• _Records provided_
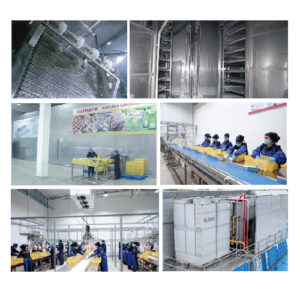 Double Spiral Freezer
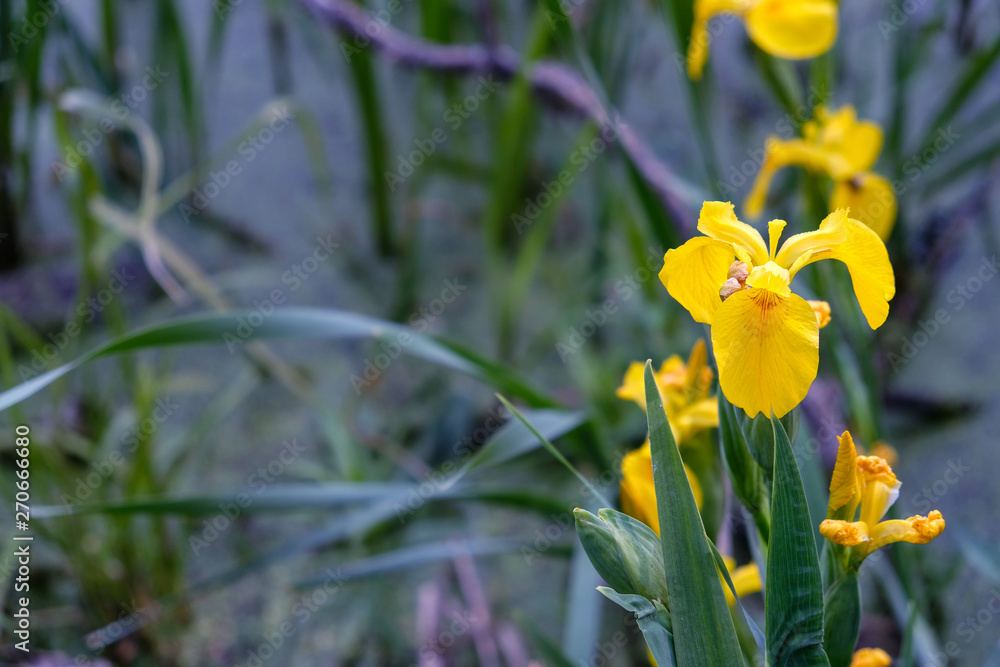 Flower of yellow iris iris pseudacorus Summer Flower of yellow iris iris pseudacorus Summer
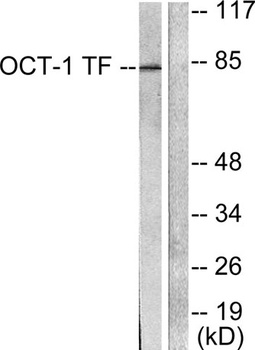 Oct-1 rabbit pAb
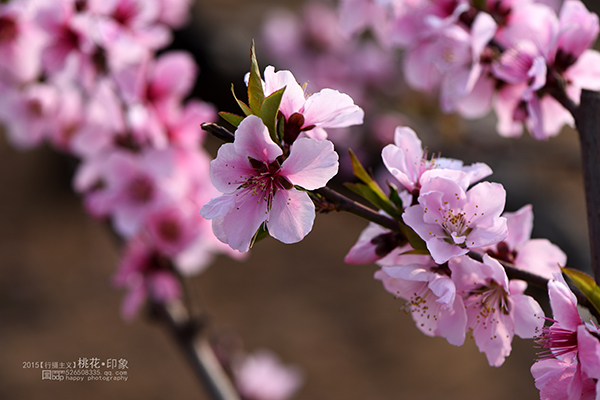 桃花源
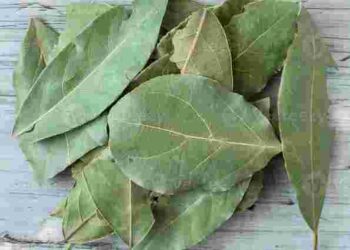 Такого ви ще не пробували: як лаврове листя допоможе покращити стан ґрунту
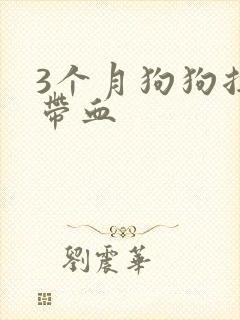 3个月狗狗拉稀带血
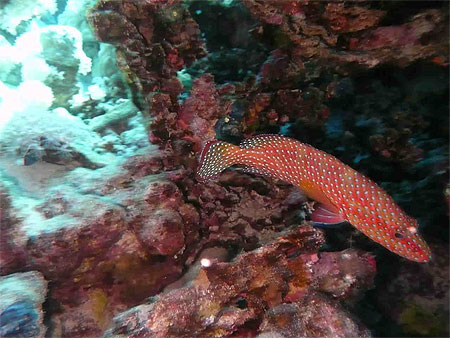 M�rou rouge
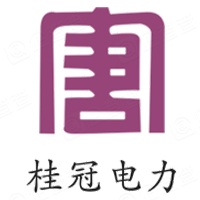 广西桂冠电力股份有限公司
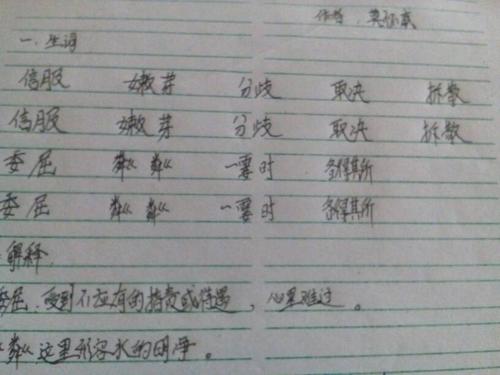 亲爱的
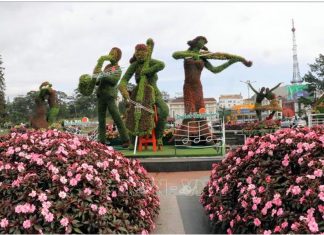 Festival hoa Đà Lạt 2022 sẽ kéo dài hết tháng 12 Festival hoa Đà Lạt 2022 sẽ kéo dài hết tháng 12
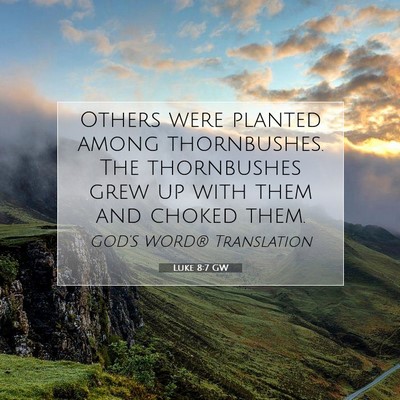 Picture 07 - Luke 8:7 GW - Others were planted among thornbushes. The - Bible Verse Picture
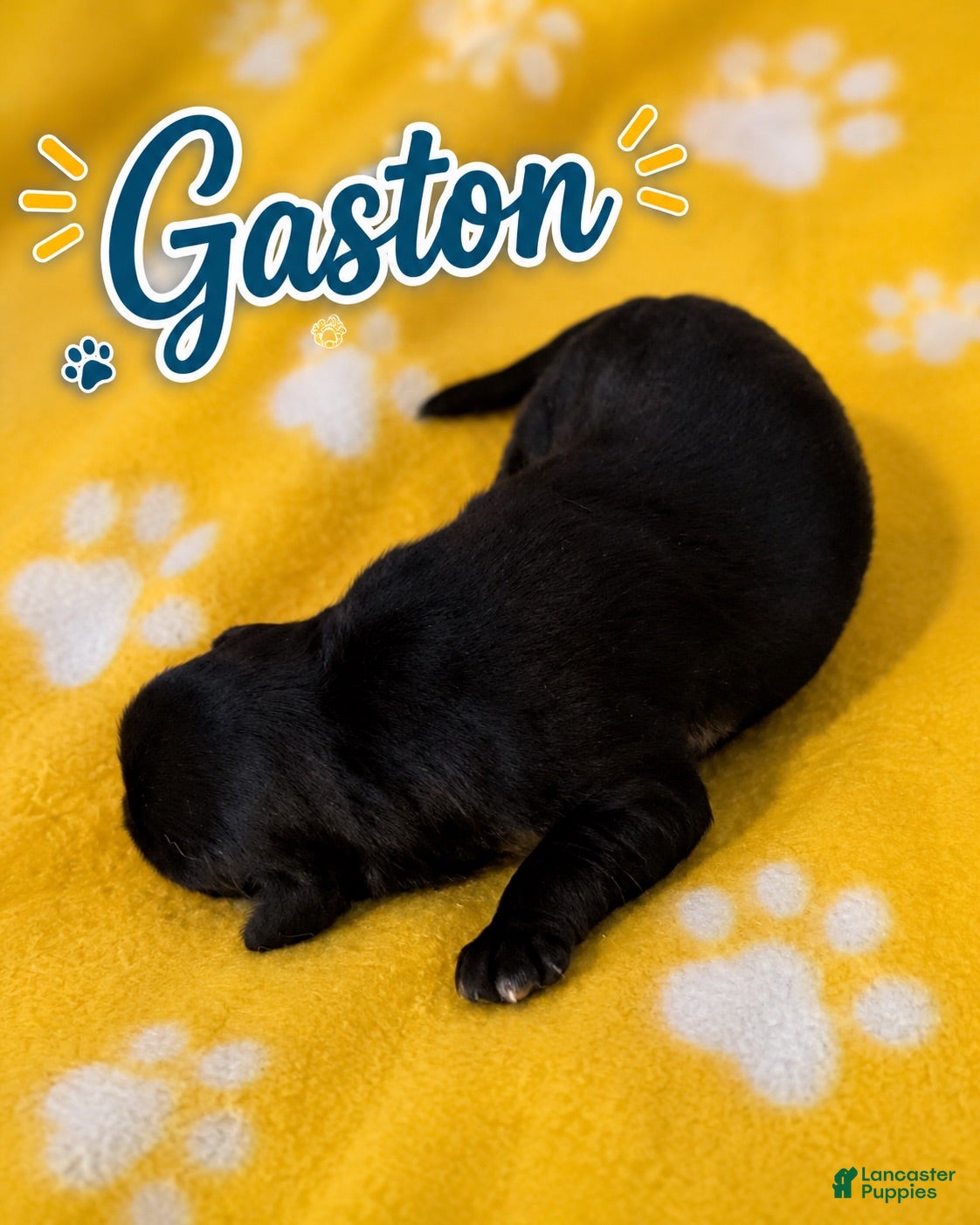 Corgipoo dogs Corgipoo 1. Gaston - Ad 1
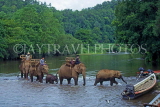 THAILAND, Northern Thailand, Mae Hong Son, elephant trekking, across River Pi, THA1856JPL
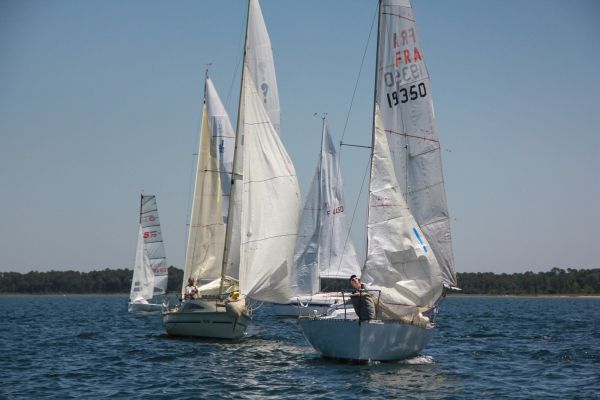 La solitaire – photo 129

• _What the task requires_
Reproduce only the lines from the line with "广西桂冠电力股份有限公司" to the end of the entries. Keep both ends, copy them exactly, and omit every picture.

• _Your response_
 广西桂冠电力股份有限公司
 亲爱的
 Festival hoa Đà Lạt 2022 sẽ kéo dài hết tháng 12 Festival hoa Đà Lạt 2022 sẽ kéo dài hết tháng 12
 Picture 07 - Luke 8:7 GW - Others were planted among thornbushes. The - Bible Verse Picture
 Corgipoo dogs Corgipoo 1. Gaston - Ad 1
 THAILAND, Northern Thailand, Mae Hong Son, elephant trekking, across River Pi, THA1856JPL
 La solitaire – photo 129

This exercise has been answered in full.